Start of Task data

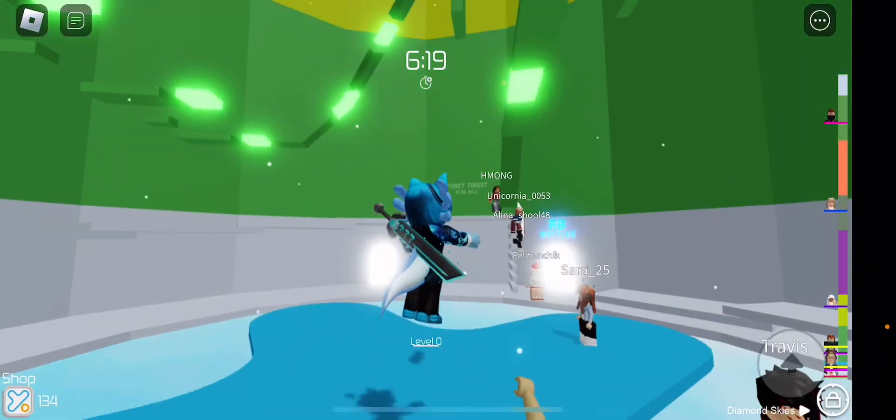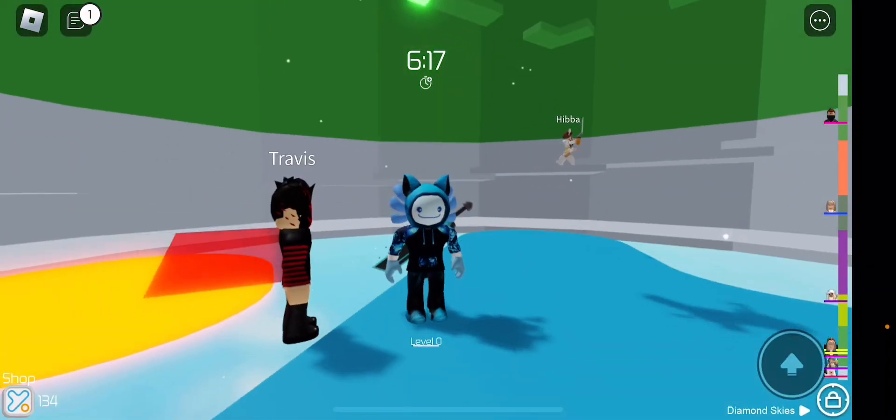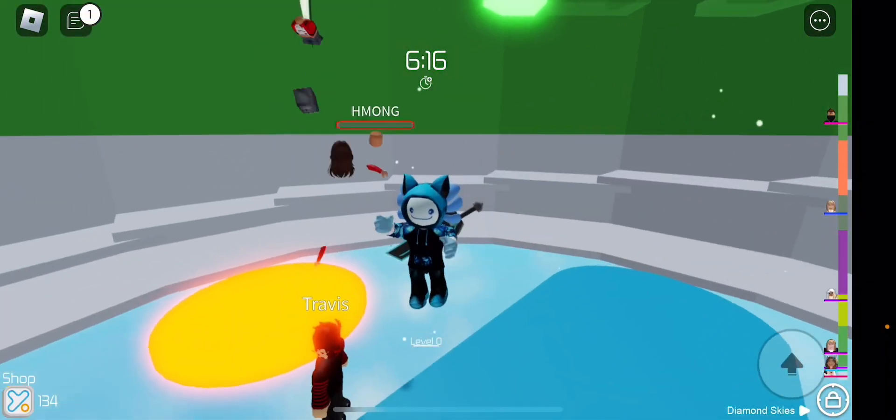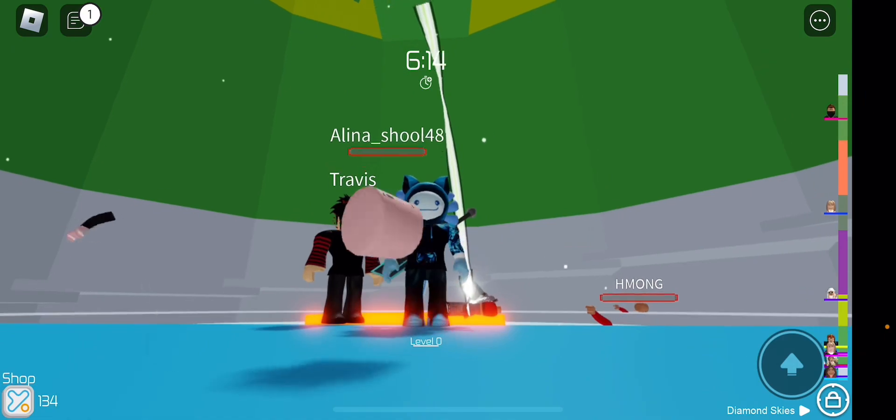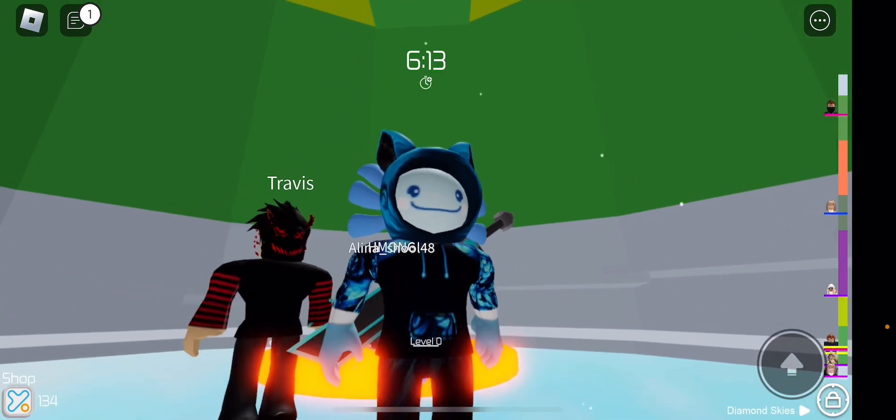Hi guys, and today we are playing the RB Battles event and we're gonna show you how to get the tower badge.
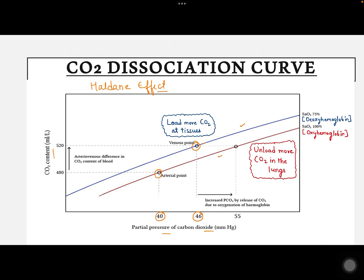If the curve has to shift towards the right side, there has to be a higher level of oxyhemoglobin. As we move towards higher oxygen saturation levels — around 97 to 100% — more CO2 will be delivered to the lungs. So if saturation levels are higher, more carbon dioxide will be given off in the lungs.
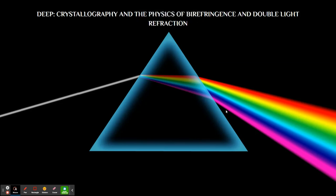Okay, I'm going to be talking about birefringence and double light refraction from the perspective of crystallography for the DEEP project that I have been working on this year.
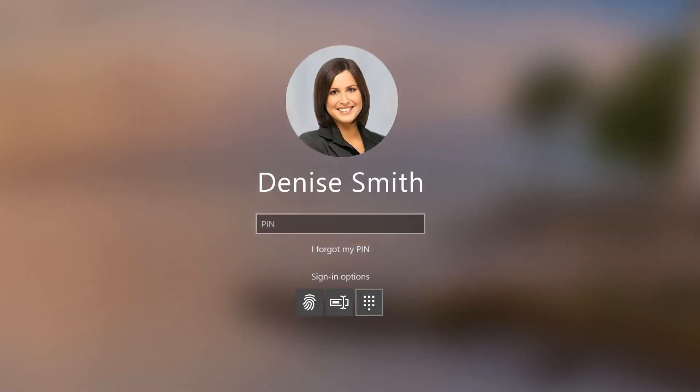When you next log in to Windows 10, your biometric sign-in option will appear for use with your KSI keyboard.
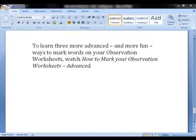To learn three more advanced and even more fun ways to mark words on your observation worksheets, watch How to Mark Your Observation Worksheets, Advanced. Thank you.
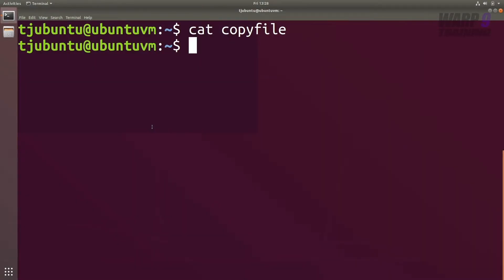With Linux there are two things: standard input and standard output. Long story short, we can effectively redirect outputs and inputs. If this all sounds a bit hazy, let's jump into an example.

End of Task data

Work task ::
Your answer should be the lines above, word for word, from the line with "If the curve" through the line with "Okay, I'm going", minus the pictures.

Response area ::
If the curve has to shift towards the right side, there has to be a higher level of oxyhemoglobin. As we move towards higher oxygen saturation levels — around 97 to 100% — more CO2 will be delivered to the lungs. So if saturation levels are higher, more carbon dioxide will be given off in the lungs.
Okay, I'm going to be talking about birefringence and double light refraction from the perspective of crystallography for the DEEP project that I have been working on this year.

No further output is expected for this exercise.